- _The problem_
Could you restate word for word the lines running from the one with "Puede incluir: Texto" to the end of the data, both ends included, but without pictures?

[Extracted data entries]
..........

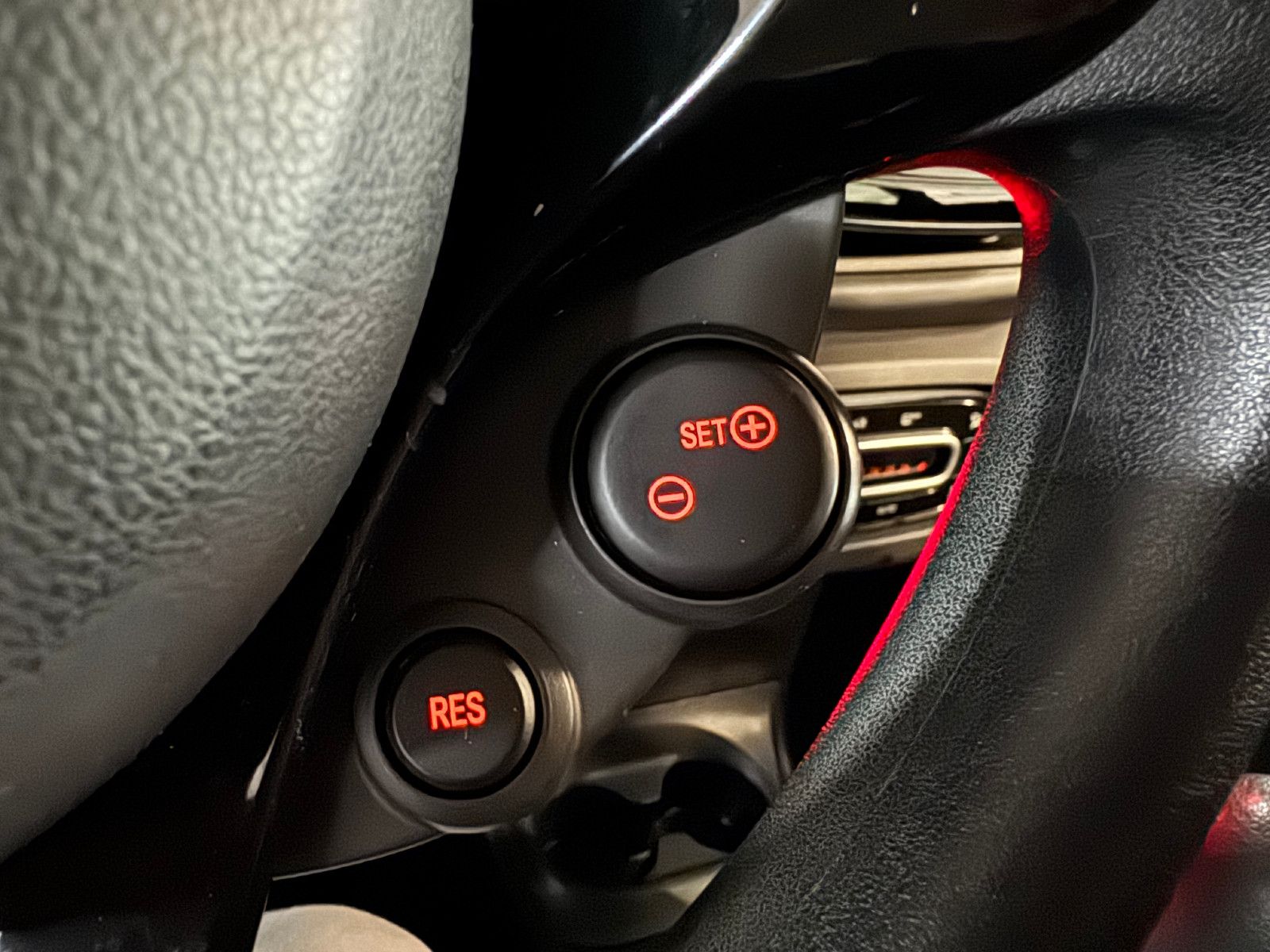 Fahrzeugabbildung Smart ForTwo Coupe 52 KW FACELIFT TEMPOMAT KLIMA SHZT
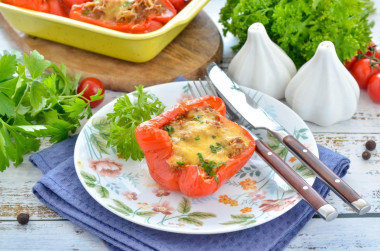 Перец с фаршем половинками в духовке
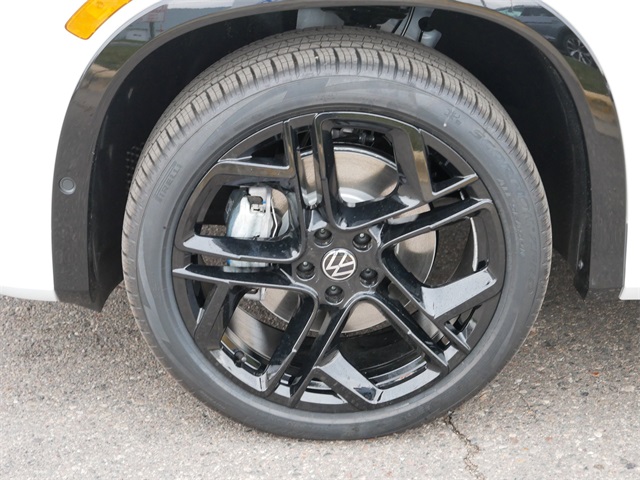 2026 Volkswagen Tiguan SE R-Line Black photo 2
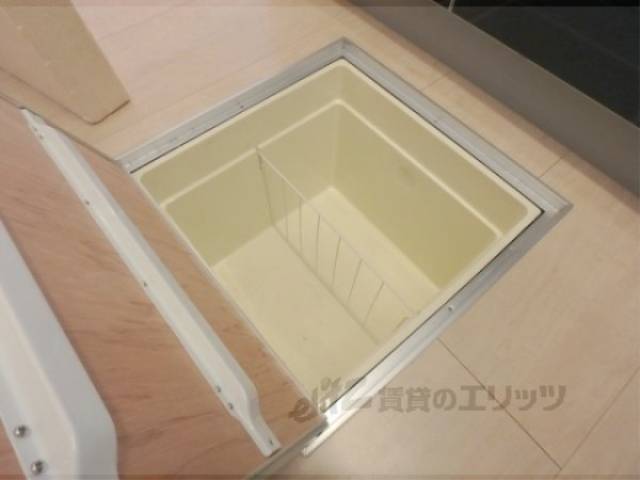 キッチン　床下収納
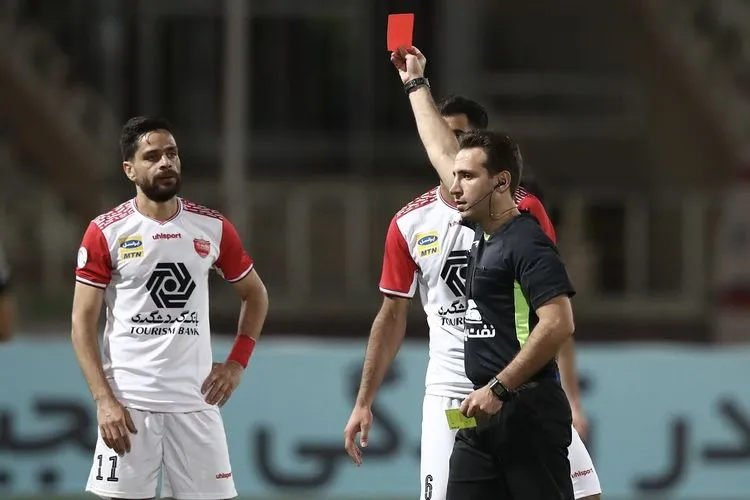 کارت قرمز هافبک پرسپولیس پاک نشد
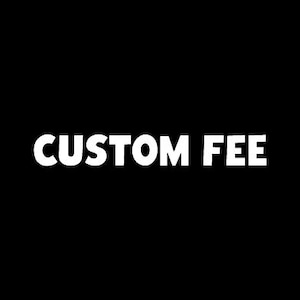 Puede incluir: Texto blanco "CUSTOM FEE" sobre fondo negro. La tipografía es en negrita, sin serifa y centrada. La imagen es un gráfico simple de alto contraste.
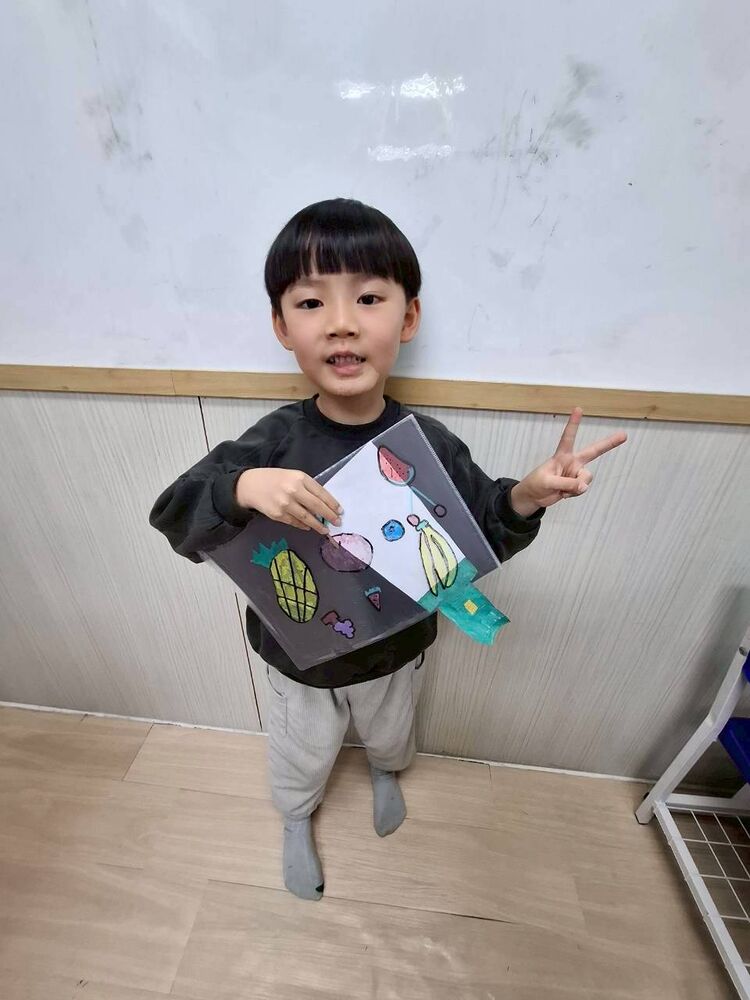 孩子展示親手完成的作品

..........

- _Solution for this task_
 Puede incluir: Texto blanco "CUSTOM FEE" sobre fondo negro. La tipografía es en negrita, sin serifa y centrada. La imagen es un gráfico simple de alto contraste.
 孩子展示親手完成的作品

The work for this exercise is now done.